Top of SOURCE INFORMATION
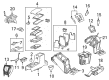 Jeep Renegade Clock Spring Diagram - 6UW42LXHAC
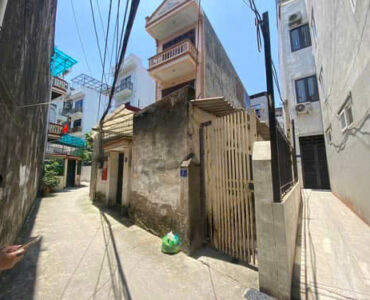 Bán đất Nguyễn Văn Cừ, Bồ Đề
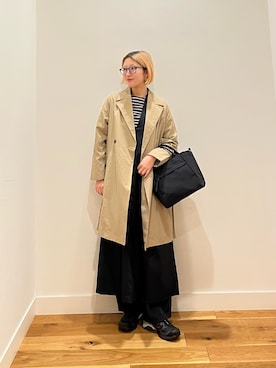 ⭐︎おーごし☽°☆・°:** さんのコーディネート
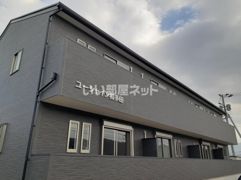 ユーシャイン和多田の外観画像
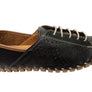 Orizonte Charmaine Womens European Comfortable Leather Shoes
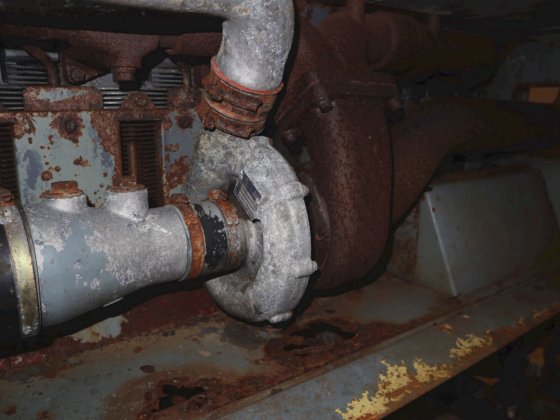 道依茨 BF6L413FRC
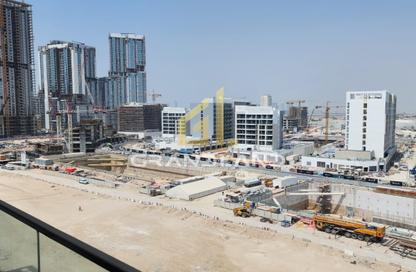 Apartment - 2 Bedrooms - 2 Bathrooms for sale in Azizi Riviera 48 - Azizi Riviera - Meydan One - Meydan - Dubai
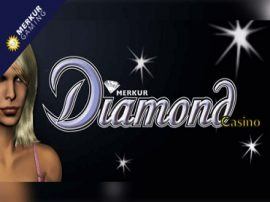 Diamond Casino slot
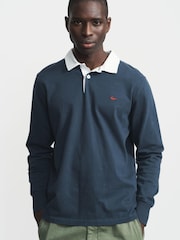 Aubin Brockham Rugby Shirt - Image 1 of 6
Bottom of SOURCE INFORMATION
▶ _PROBLEM_: When copying the records above, please match them exactly but leave out all pictures.

▶ _RESPONSE BELOW_:
 Jeep Renegade Clock Spring Diagram - 6UW42LXHAC
 Bán đất Nguyễn Văn Cừ, Bồ Đề
 ⭐︎おーごし☽°☆・°:** さんのコーディネート
 ユーシャイン和多田の外観画像
 Orizonte Charmaine Womens European Comfortable Leather Shoes
 道依茨 BF6L413FRC
 Apartment - 2 Bedrooms - 2 Bathrooms for sale in Azizi Riviera 48 - Azizi Riviera - Meydan One - Meydan - Dubai
 Diamond Casino slot
 Aubin Brockham Rugby Shirt - Image 1 of 6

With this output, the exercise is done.